━━━━━ SUPPLIED RECORDS

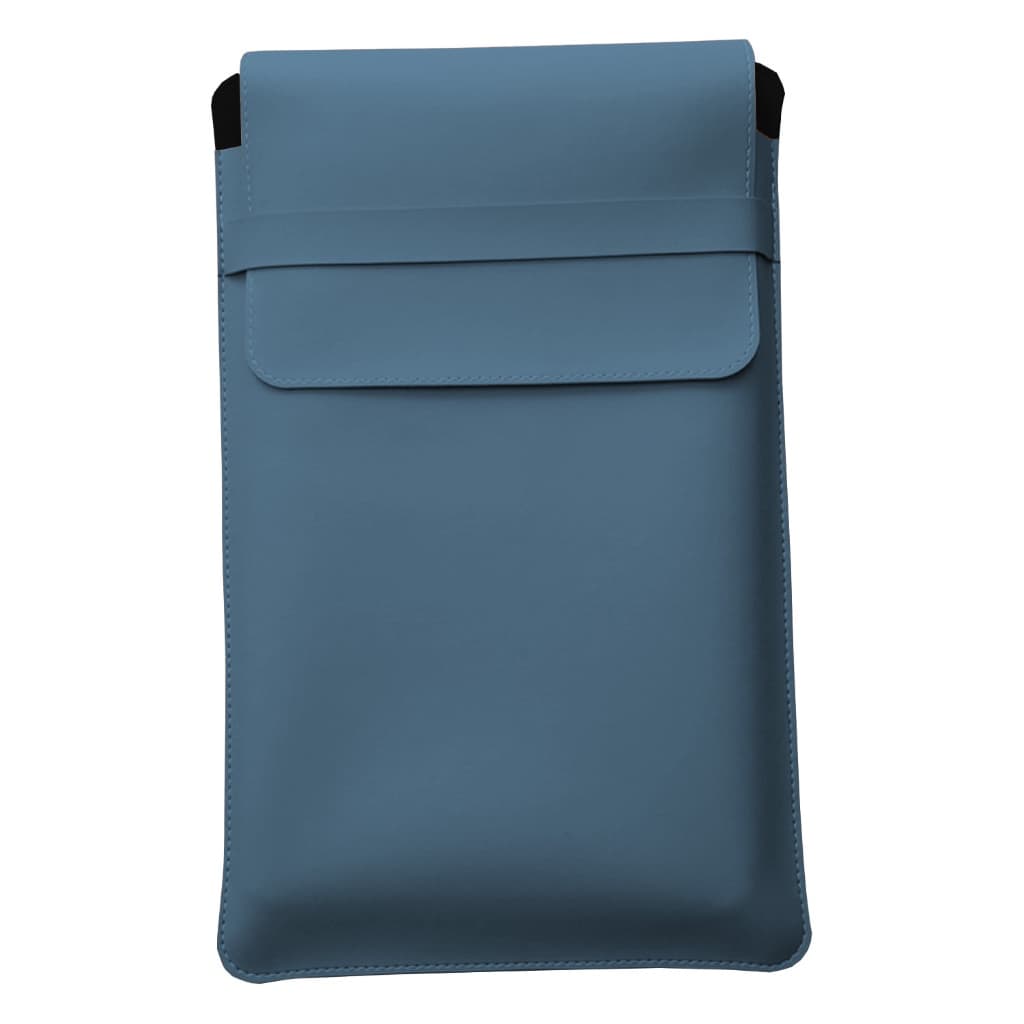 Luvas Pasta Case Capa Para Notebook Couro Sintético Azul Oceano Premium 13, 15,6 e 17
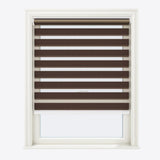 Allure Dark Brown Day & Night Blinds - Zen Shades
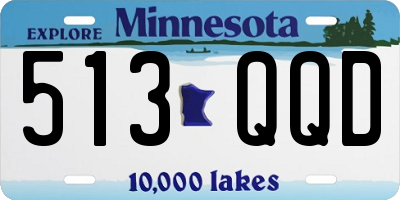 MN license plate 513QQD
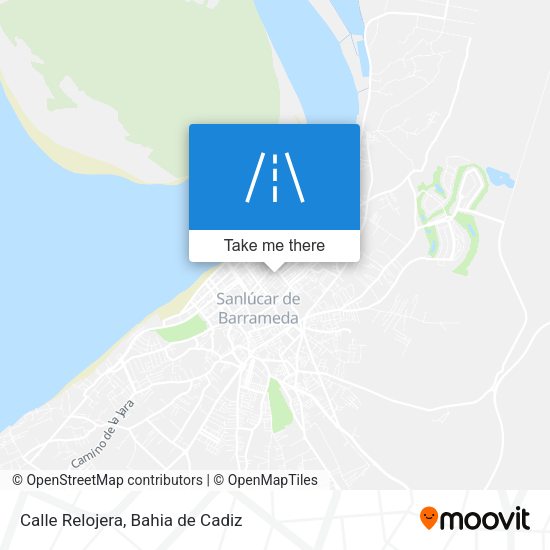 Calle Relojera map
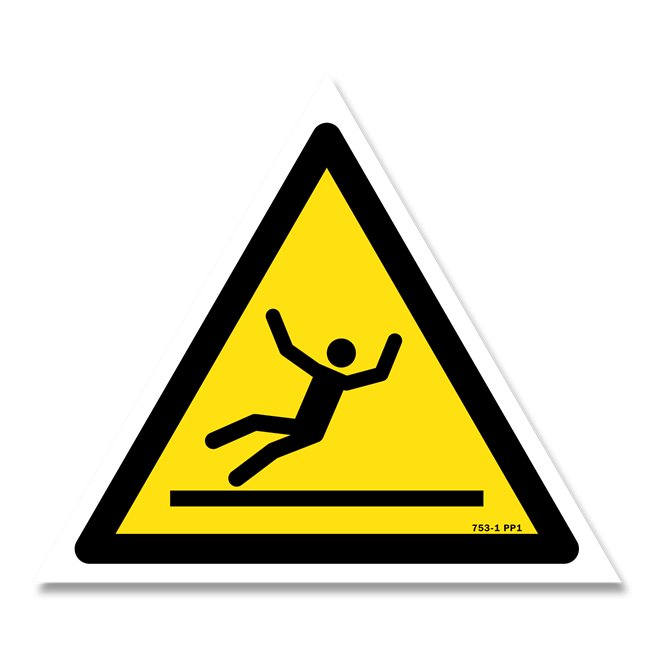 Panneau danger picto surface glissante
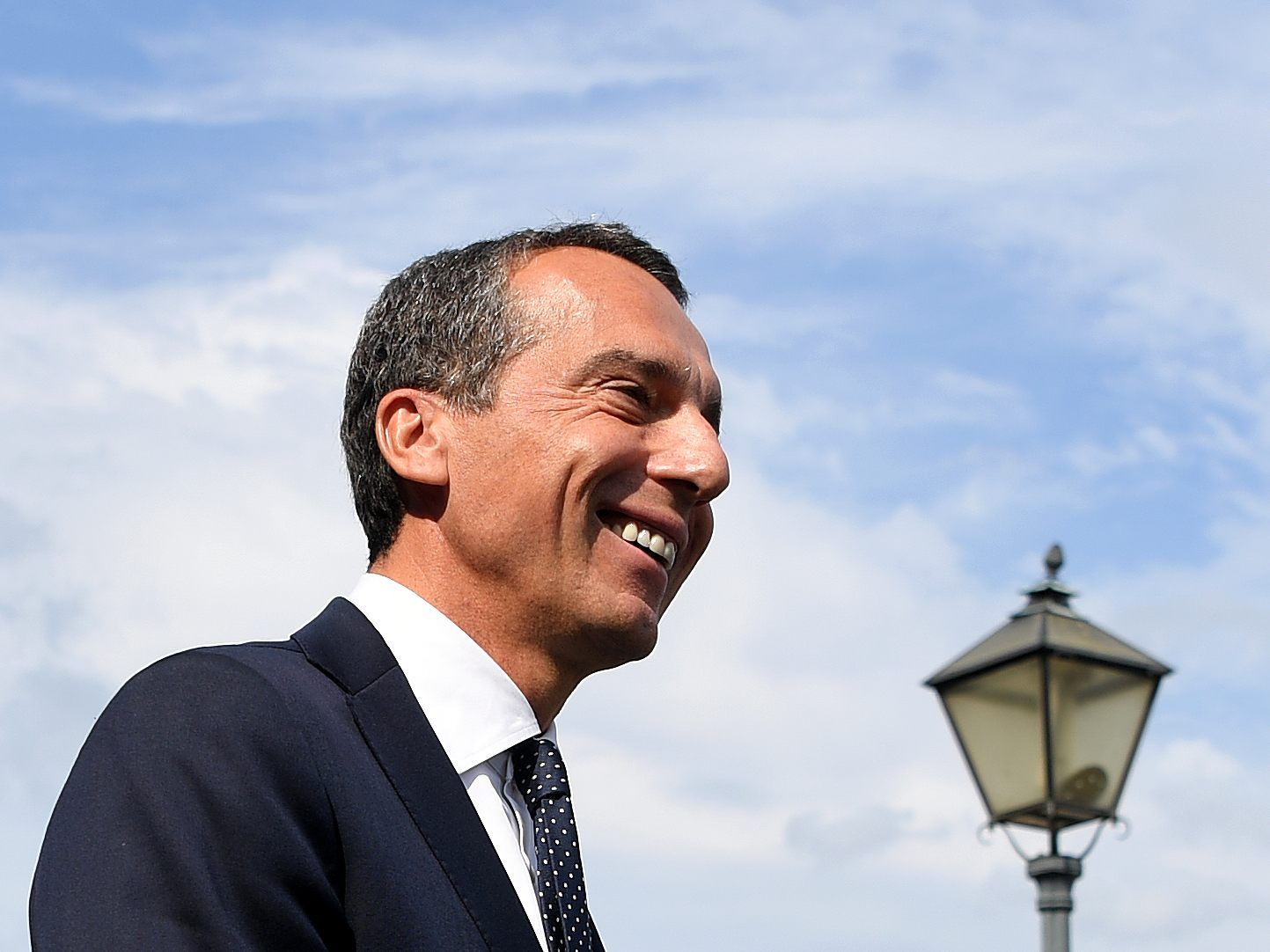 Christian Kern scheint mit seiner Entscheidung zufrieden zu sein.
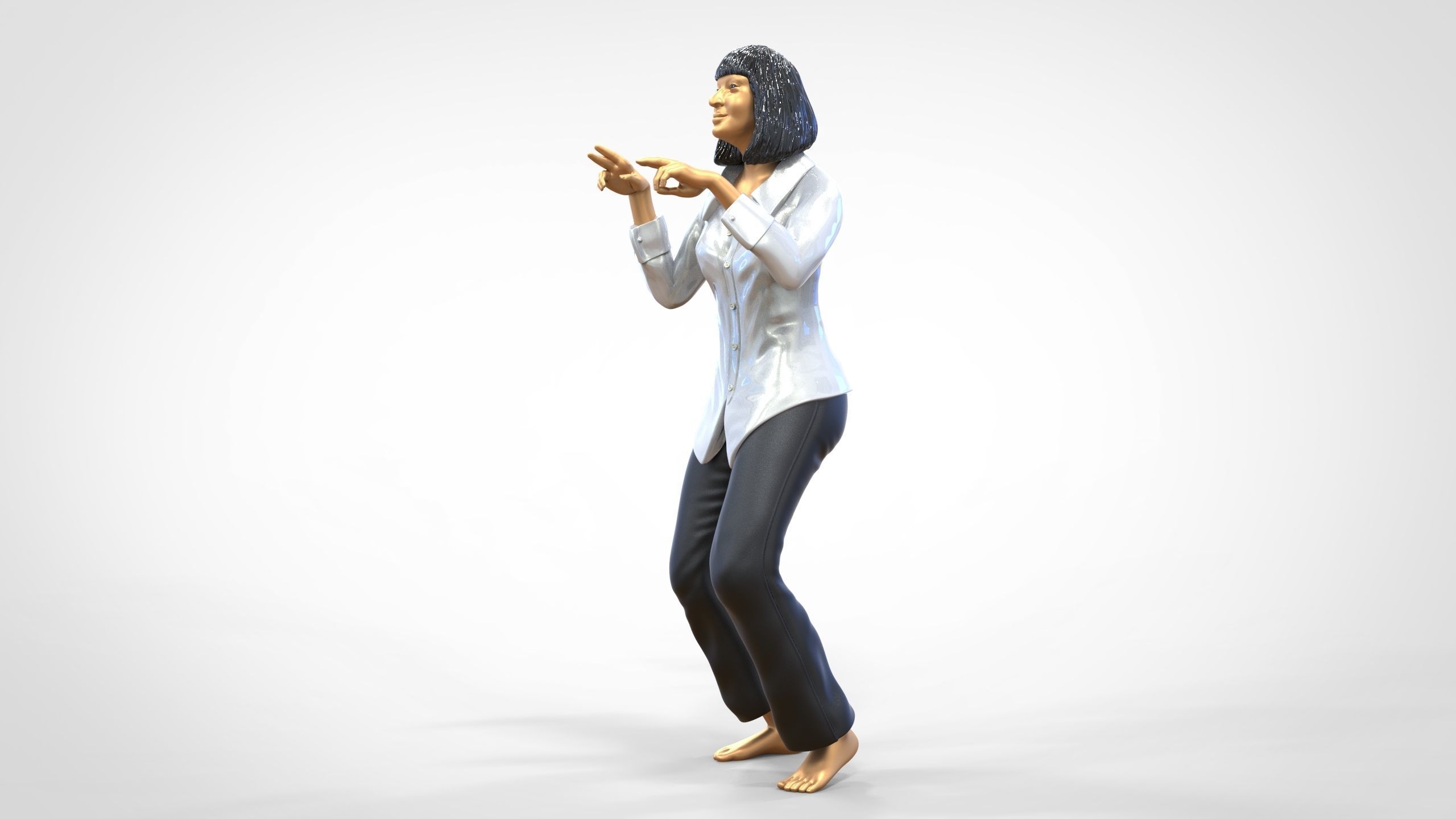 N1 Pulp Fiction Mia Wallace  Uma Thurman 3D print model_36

━━━━━━━━━━
━━━━━ SUPPLIED RECORDS

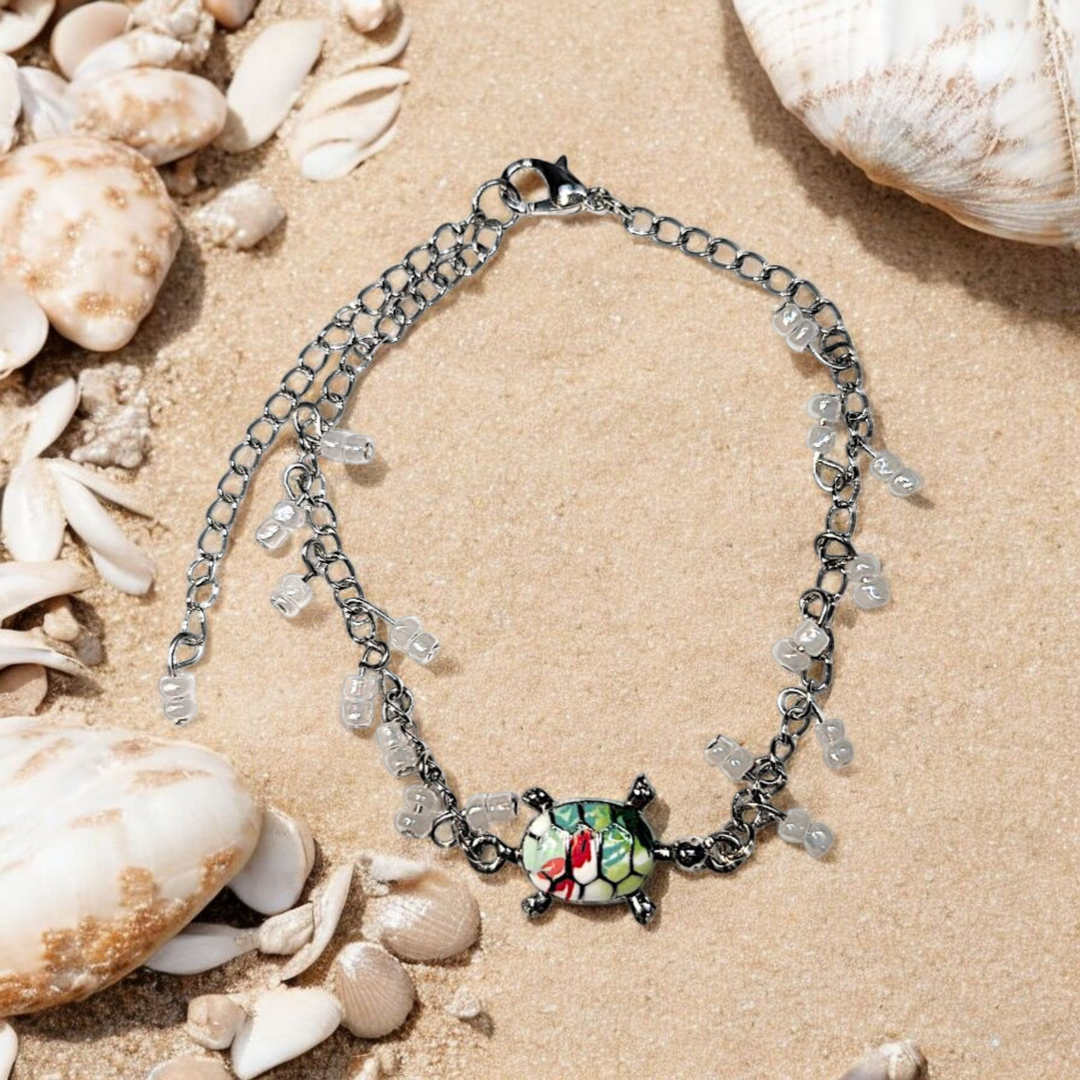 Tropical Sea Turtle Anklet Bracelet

━━━━━━━━━━

> TASK BRIEF
In the records above, find the line with "Luvas Pasta Case" and the line with "N1 Pulp Fiction", then restate word for word only those two lines and all lines between, omitting pictures.

> ANSWER TO THE EXERCISE
 Luvas Pasta Case Capa Para Notebook Couro Sintético Azul Oceano Premium 13, 15,6 e 17
 Allure Dark Brown Day & Night Blinds - Zen Shades
 MN license plate 513QQD
 Calle Relojera map
 Panneau danger picto surface glissante
 Christian Kern scheint mit seiner Entscheidung zufrieden zu sein.
 N1 Pulp Fiction Mia Wallace  Uma Thurman 3D print model_36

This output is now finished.